(Crawled caption data)
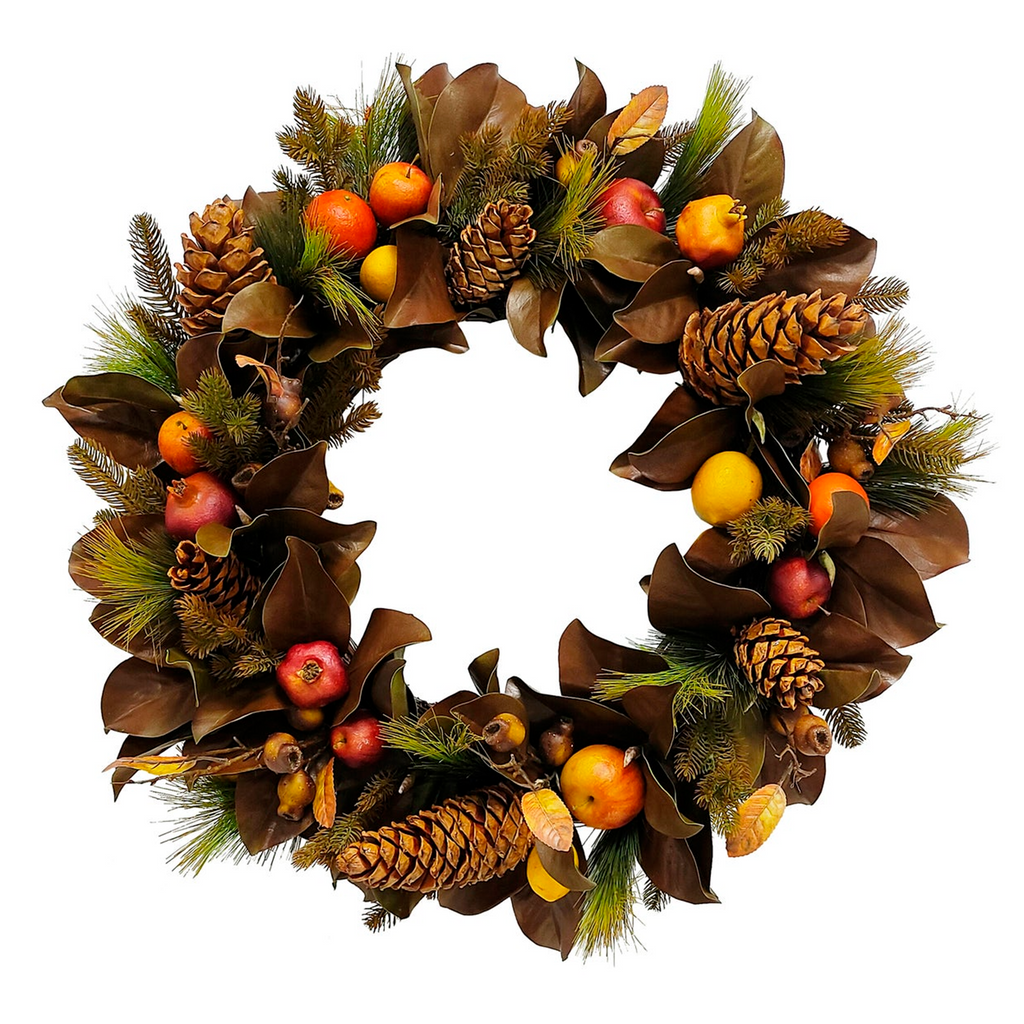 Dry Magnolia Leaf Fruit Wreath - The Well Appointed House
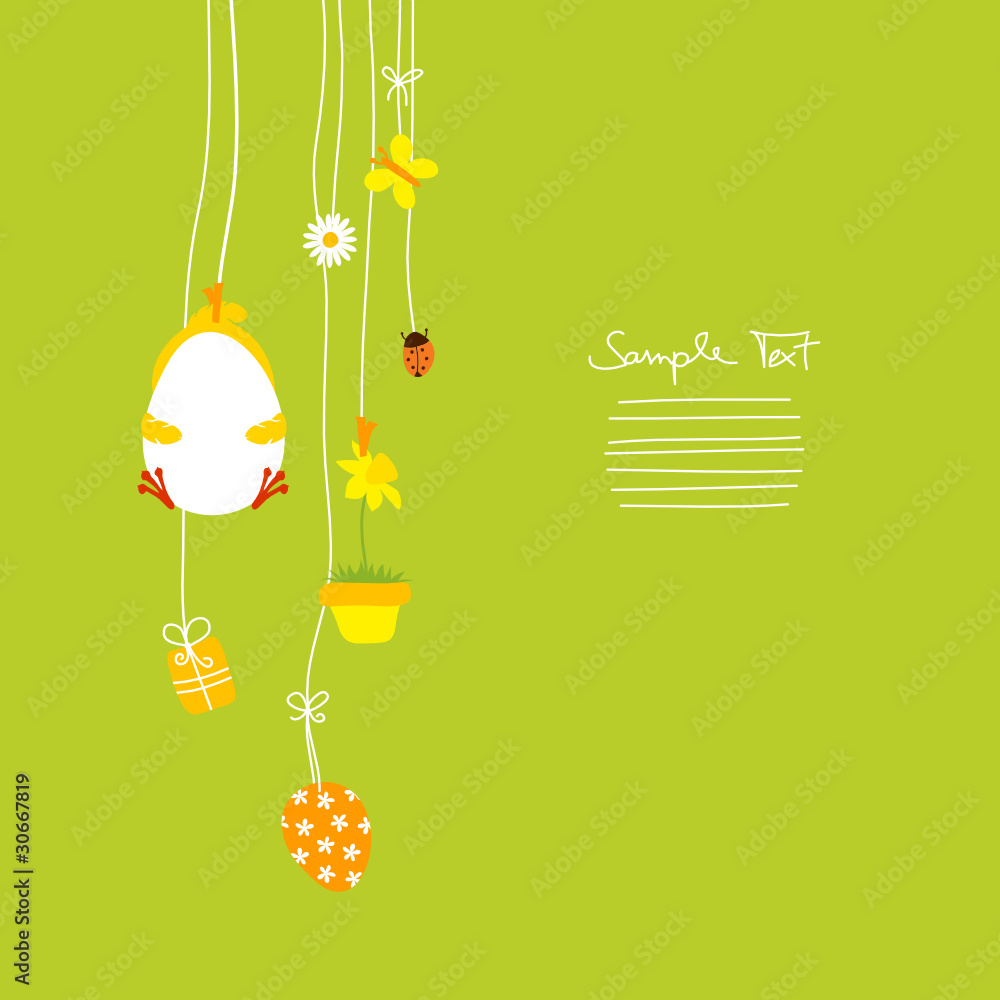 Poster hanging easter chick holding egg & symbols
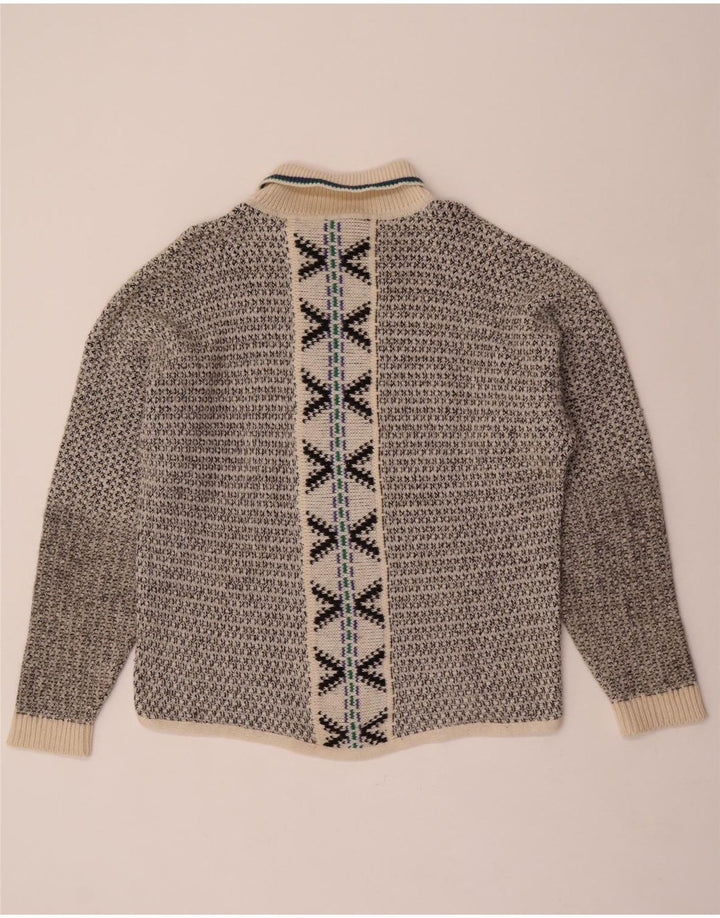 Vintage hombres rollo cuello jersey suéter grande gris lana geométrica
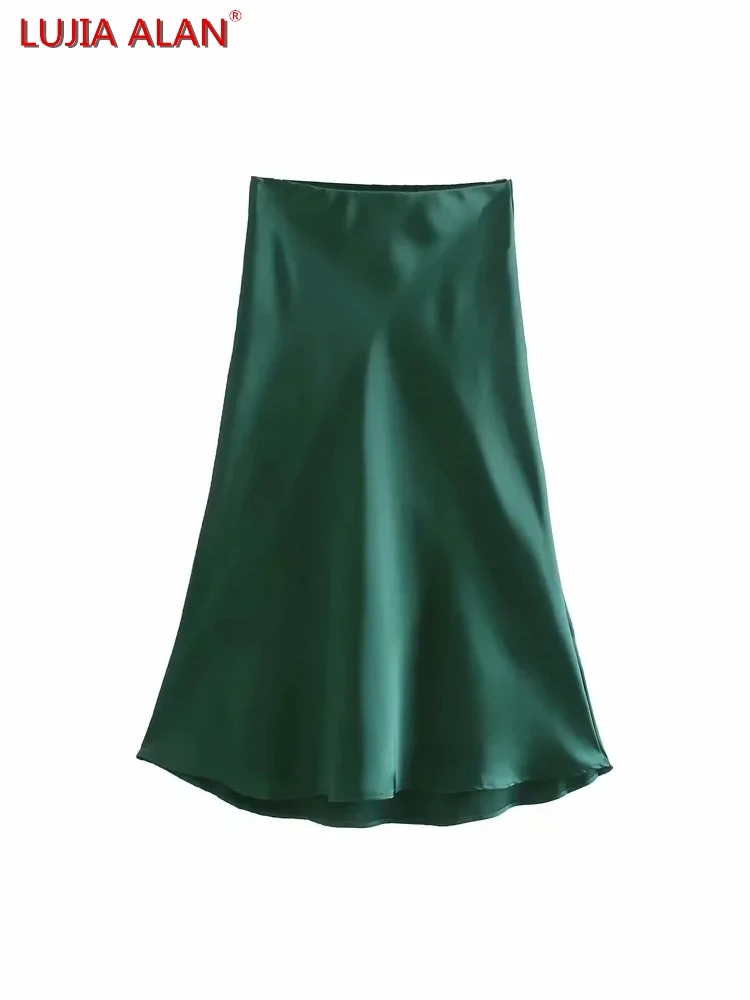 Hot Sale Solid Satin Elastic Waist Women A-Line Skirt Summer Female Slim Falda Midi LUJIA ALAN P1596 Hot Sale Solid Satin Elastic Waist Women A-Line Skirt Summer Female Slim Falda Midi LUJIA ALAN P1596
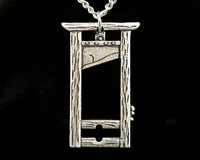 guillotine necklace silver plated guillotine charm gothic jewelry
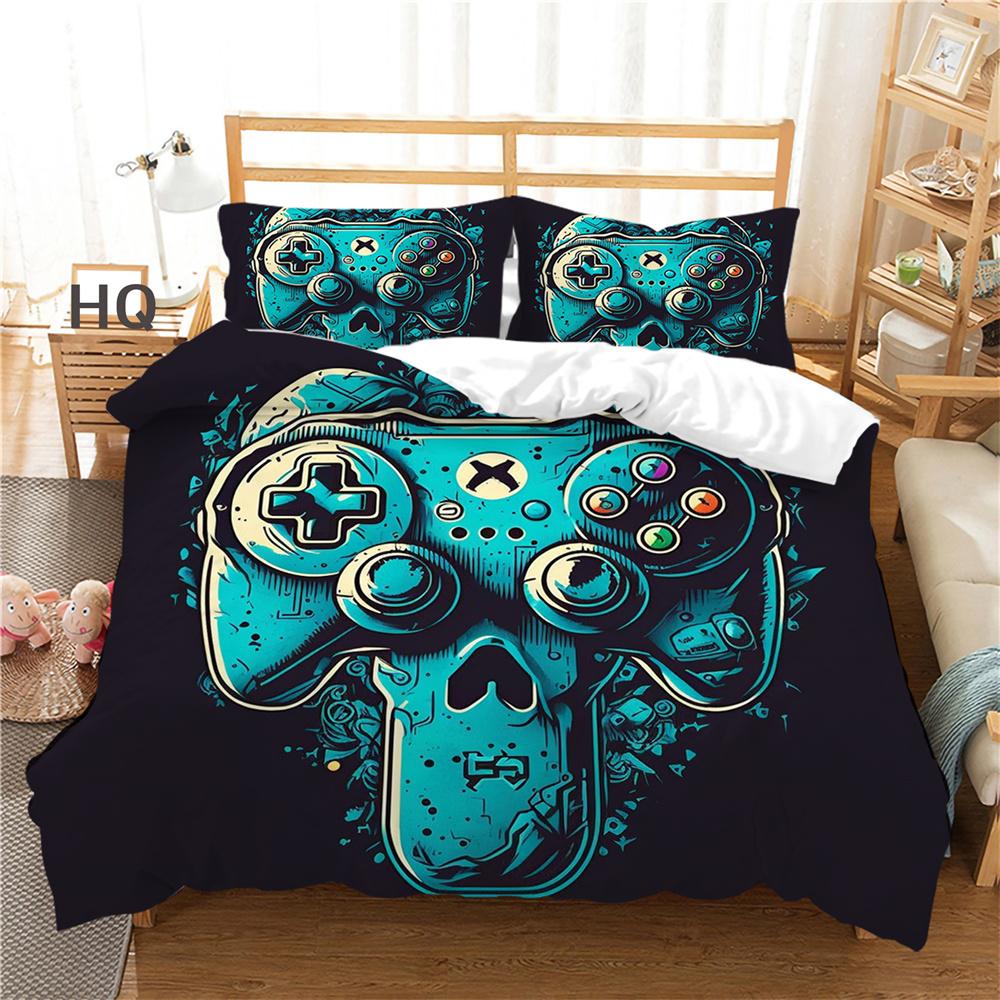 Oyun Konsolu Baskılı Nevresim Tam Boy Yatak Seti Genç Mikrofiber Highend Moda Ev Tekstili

What this task involves — When you print the entries, keep every line exactly as it is and drop the pictures.

Solution —
 Dry Magnolia Leaf Fruit Wreath - The Well Appointed House
 Poster hanging easter chick holding egg & symbols
 Vintage hombres rollo cuello jersey suéter grande gris lana geométrica
 Hot Sale Solid Satin Elastic Waist Women A-Line Skirt Summer Female Slim Falda Midi LUJIA ALAN P1596 Hot Sale Solid Satin Elastic Waist Women A-Line Skirt Summer Female Slim Falda Midi LUJIA ALAN P1596
 guillotine necklace silver plated guillotine charm gothic jewelry
 Oyun Konsolu Baskılı Nevresim Tam Boy Yatak Seti Genç Mikrofiber Highend Moda Ev Tekstili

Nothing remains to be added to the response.